*TASK TO COMPLETE*: Restate, exactly as written, the entries below from the line that holds "Gucci G Timeless" through the line that holds "Denim canvas apron". Pictures are not part of the copy.

*THE RECORDS*:
• • •

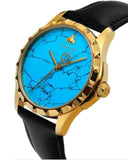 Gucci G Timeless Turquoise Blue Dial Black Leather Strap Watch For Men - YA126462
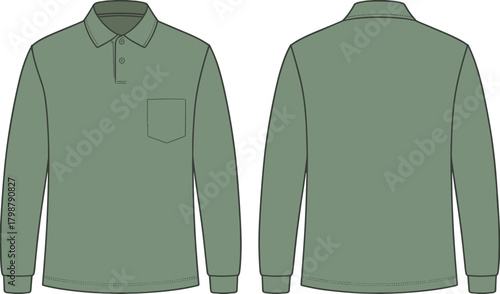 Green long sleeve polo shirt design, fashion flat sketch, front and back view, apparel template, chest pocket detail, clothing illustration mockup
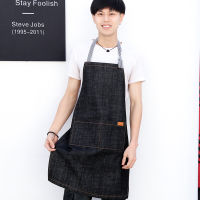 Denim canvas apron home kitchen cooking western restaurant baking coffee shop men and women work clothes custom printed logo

• • •

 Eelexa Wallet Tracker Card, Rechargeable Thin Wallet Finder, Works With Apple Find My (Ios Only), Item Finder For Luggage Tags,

• • •

*TASK SOLUTION*:
 Gucci G Timeless Turquoise Blue Dial Black Leather Strap Watch For Men - YA126462
 Green long sleeve polo shirt design, fashion flat sketch, front and back view, apparel template, chest pocket detail, clothing illustration mockup
 Denim canvas apron home kitchen cooking western restaurant baking coffee shop men and women work clothes custom printed logo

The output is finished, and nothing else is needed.